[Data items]
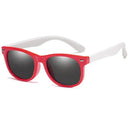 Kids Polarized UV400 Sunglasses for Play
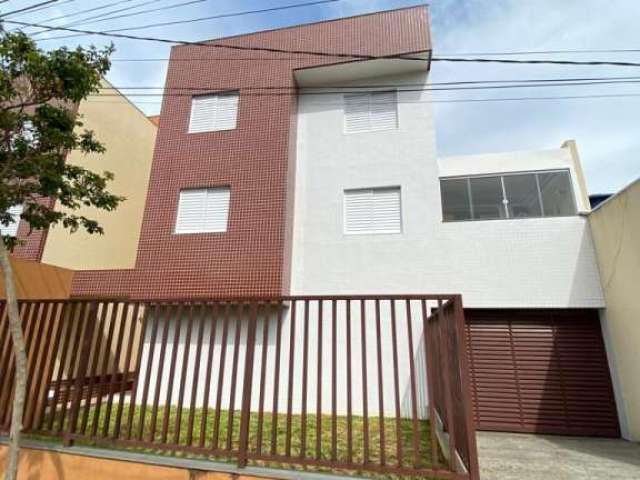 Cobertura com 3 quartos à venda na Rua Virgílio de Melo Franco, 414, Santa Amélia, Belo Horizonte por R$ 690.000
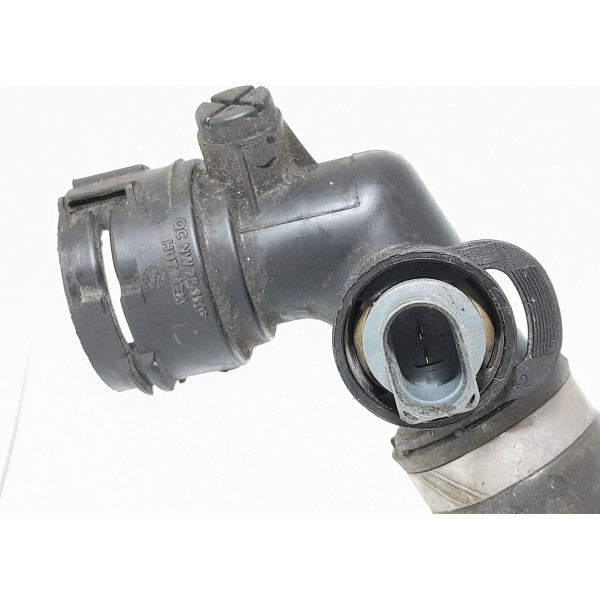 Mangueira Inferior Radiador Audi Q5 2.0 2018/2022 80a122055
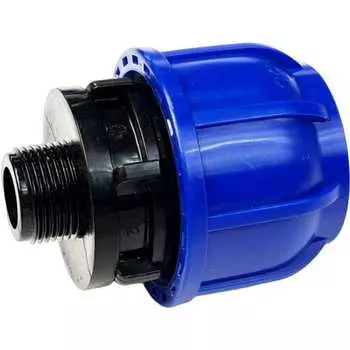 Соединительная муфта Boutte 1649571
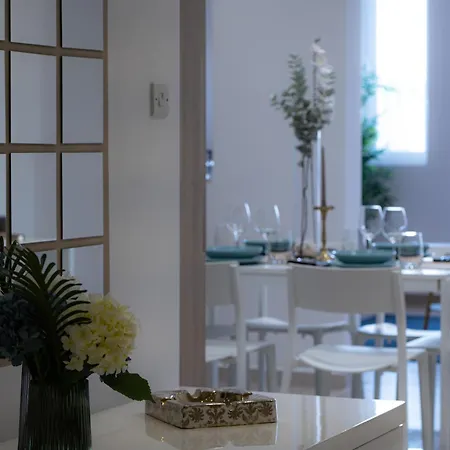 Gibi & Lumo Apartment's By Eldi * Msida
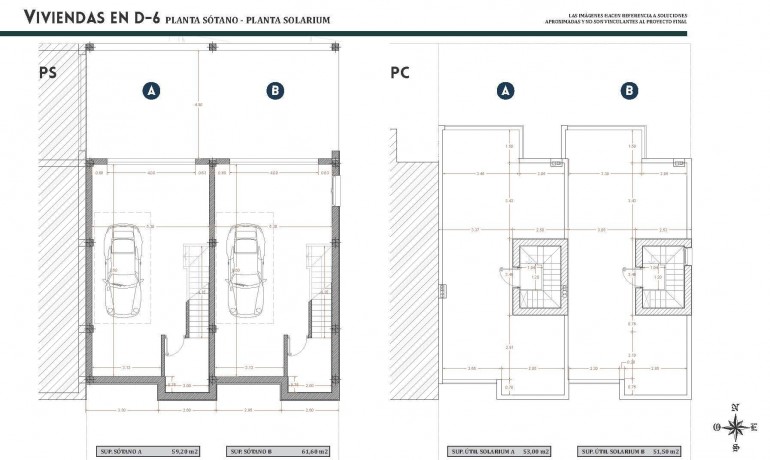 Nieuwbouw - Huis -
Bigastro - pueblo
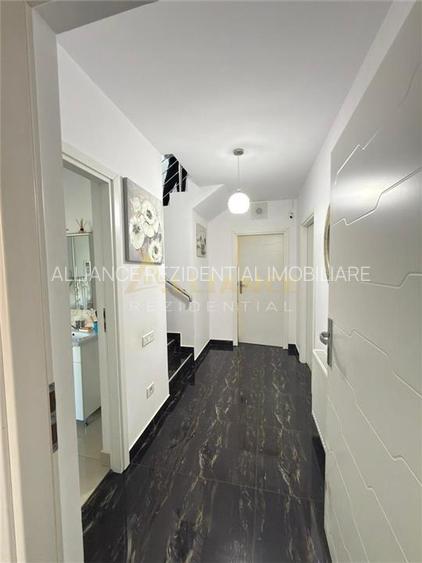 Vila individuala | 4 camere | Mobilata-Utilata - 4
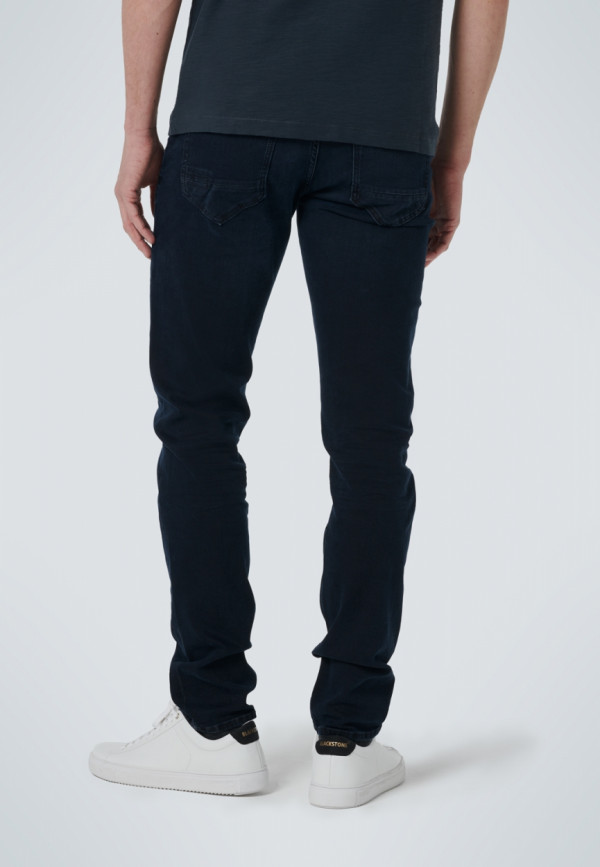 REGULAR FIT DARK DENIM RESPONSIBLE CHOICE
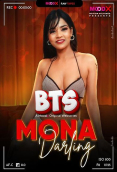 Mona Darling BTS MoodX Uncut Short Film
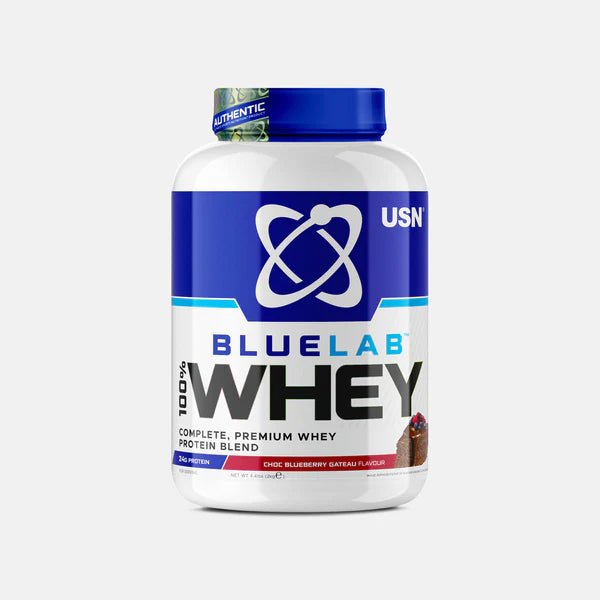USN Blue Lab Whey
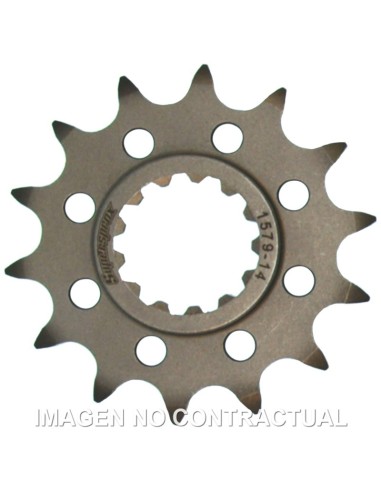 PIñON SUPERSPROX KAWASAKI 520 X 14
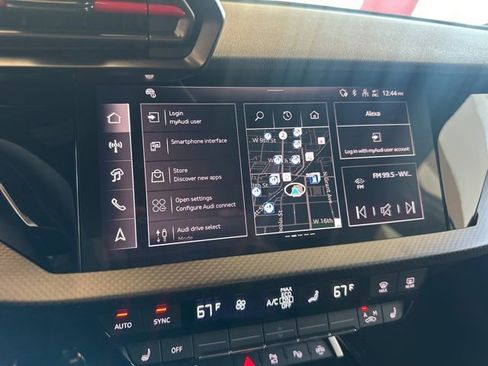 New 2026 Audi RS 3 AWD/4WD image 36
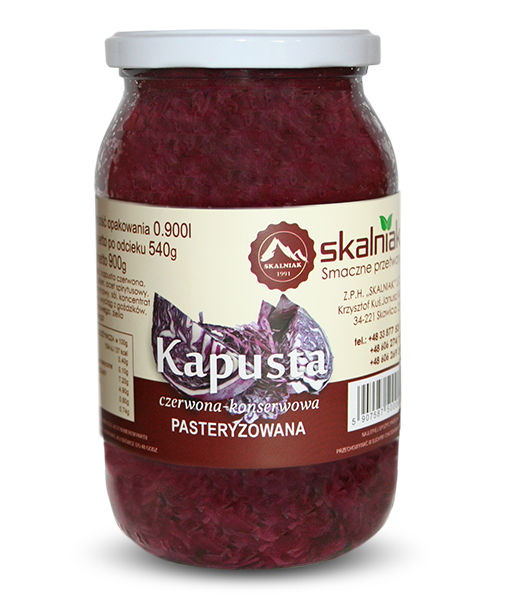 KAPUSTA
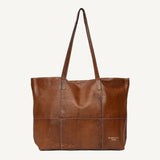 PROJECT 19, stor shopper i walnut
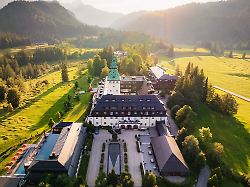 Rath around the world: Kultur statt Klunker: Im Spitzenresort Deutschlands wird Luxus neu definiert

(What the exercise asks)
Print each entry exactly, leaving pictures out.

(Solution for this task)
 Kids Polarized UV400 Sunglasses for Play
 Cobertura com 3 quartos à venda na Rua Virgílio de Melo Franco, 414, Santa Amélia, Belo Horizonte por R$ 690.000
 Mangueira Inferior Radiador Audi Q5 2.0 2018/2022 80a122055
 Соединительная муфта Boutte 1649571
 Gibi & Lumo Apartment's By Eldi * Msida
 Nieuwbouw - Huis -
Bigastro - pueblo
 Vila individuala | 4 camere | Mobilata-Utilata - 4
 REGULAR FIT DARK DENIM RESPONSIBLE CHOICE
 Mona Darling BTS MoodX Uncut Short Film
USN Blue Lab Whey
 PIñON SUPERSPROX KAWASAKI 520 X 14
 New 2026 Audi RS 3 AWD/4WD image 36
 KAPUSTA
 PROJECT 19, stor shopper i walnut
 Rath around the world: Kultur statt Klunker: Im Spitzenresort Deutschlands wird Luxus neu definiert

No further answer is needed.